Like any mental illness, both anxiety and depression can be triggered. Although anxiety and depression can have many different triggers, because the two illnesses often overlap, some of those triggers are the same. According to Healthline, anxiety triggers may include certain medications, stress over finances, socializing, conflict or relationship problems, and failing to eat throughout the day. As far as depression is concerned, triggers may include stress, not getting enough sleep, being around negative people, not connecting enough with loved ones, not eating nutritious foods, and spending too much time on social media, per Healthline.

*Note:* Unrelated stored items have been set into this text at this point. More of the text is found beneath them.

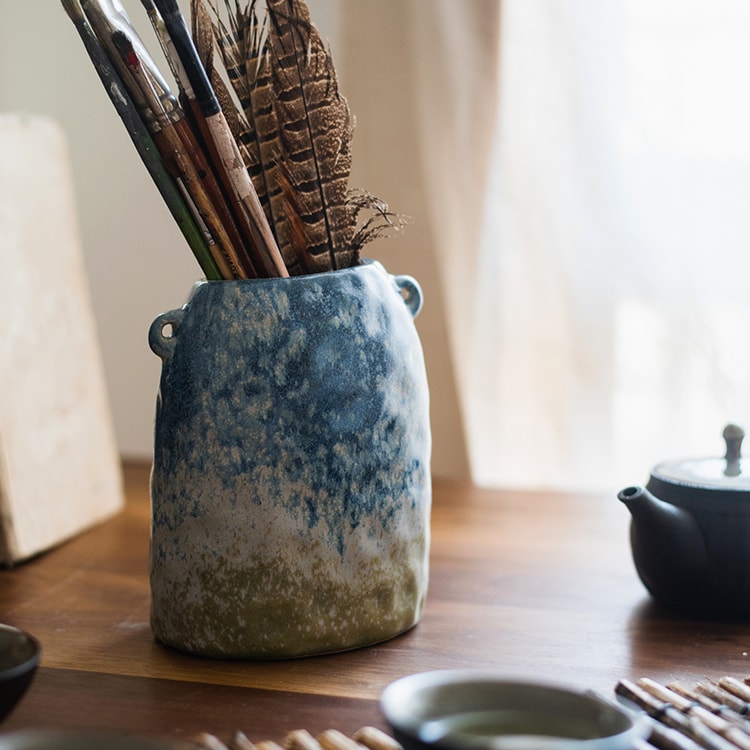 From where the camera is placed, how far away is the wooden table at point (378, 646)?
1.76 ft

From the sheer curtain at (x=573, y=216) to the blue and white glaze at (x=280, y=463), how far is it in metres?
0.41

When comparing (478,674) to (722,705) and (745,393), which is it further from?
(745,393)

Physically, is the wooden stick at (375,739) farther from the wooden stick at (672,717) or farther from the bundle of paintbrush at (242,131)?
the bundle of paintbrush at (242,131)

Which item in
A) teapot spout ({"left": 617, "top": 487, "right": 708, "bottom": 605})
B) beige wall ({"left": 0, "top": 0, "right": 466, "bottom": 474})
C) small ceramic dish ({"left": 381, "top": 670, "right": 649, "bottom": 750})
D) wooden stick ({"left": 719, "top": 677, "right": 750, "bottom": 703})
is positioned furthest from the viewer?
beige wall ({"left": 0, "top": 0, "right": 466, "bottom": 474})

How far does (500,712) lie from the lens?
0.44 meters

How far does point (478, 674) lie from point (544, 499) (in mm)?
478

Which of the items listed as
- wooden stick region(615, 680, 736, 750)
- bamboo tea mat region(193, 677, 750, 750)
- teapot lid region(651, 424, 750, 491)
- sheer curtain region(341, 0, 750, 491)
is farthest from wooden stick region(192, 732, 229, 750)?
sheer curtain region(341, 0, 750, 491)

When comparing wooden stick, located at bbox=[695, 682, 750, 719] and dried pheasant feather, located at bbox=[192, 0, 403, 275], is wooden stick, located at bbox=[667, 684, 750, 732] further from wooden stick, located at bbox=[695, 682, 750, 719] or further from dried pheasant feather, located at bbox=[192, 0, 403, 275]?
dried pheasant feather, located at bbox=[192, 0, 403, 275]

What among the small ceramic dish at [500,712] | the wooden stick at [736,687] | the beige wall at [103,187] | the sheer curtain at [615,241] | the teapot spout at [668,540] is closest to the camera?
the small ceramic dish at [500,712]

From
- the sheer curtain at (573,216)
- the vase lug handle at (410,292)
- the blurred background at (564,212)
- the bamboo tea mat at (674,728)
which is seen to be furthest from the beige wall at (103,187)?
the bamboo tea mat at (674,728)

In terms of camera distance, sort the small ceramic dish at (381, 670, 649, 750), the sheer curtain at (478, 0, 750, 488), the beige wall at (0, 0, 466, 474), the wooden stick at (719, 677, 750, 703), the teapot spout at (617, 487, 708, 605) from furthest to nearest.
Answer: the beige wall at (0, 0, 466, 474) < the sheer curtain at (478, 0, 750, 488) < the teapot spout at (617, 487, 708, 605) < the wooden stick at (719, 677, 750, 703) < the small ceramic dish at (381, 670, 649, 750)

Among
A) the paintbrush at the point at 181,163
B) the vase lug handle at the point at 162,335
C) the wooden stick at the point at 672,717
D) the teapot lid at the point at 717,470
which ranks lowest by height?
the wooden stick at the point at 672,717

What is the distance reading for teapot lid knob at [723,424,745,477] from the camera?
25.5 inches

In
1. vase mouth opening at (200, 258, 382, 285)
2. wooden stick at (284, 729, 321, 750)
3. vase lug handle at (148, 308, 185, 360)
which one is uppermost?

Once you realize what might trigger you to have a depressive episode or elevate your anxiety, then you can prepare. For example, if you're grieving, don't try to self-medicate with substances like alcohol or drugs as they're just going to exacerbate things. If you're stressed out, and feeling jittery and shaky, skip the coffee and have a juice instead. While you won't be able to always stop your depression and anxiety in its tracks, making an effort to limit triggers will put you in a better place, mentally, to handle any onslaught of physical symptoms. 

Do the work

The most actionable thing you can do to overcome the physical toll of anxiety and depression is to do the work. That means, first and foremost, acknowledging you have a mental health condition. Although once something that people were embarrassed to admit to out of fear that it caused judgment from others, a 2019 survey by the American Psychological Association found that 87% of U.S. adults believe that there's nothing shameful about having a mental health disorder.


When you've acknowledged it and recognized the physical symptoms, then it's time to be proactive — and this means more than just avoiding triggers. It means learning to meditate, practice breathing techniques to help you feel centered, and creating a routine for yourself so you have order in your life. It also means realizing when you need professional help — for example, cognitive behavioral therapy (CBT), which has proven to be a great asset for those with depression and anxiety as well as other mental illnesses, via the Mayo Clinic. Even if you aren't sure what to talk about or how to start therapy, seeking help can greatly benefit you. 

While there may not be a hard and fast cure for depression or anxiety, treatment and acknowledgment (meaning you're in not denial), can help you manage your mental and physical symptoms. When we learn how to handle these aspects of ourselves, it gives us a chance to not only overcome them, but live with them in a healthy, productive way.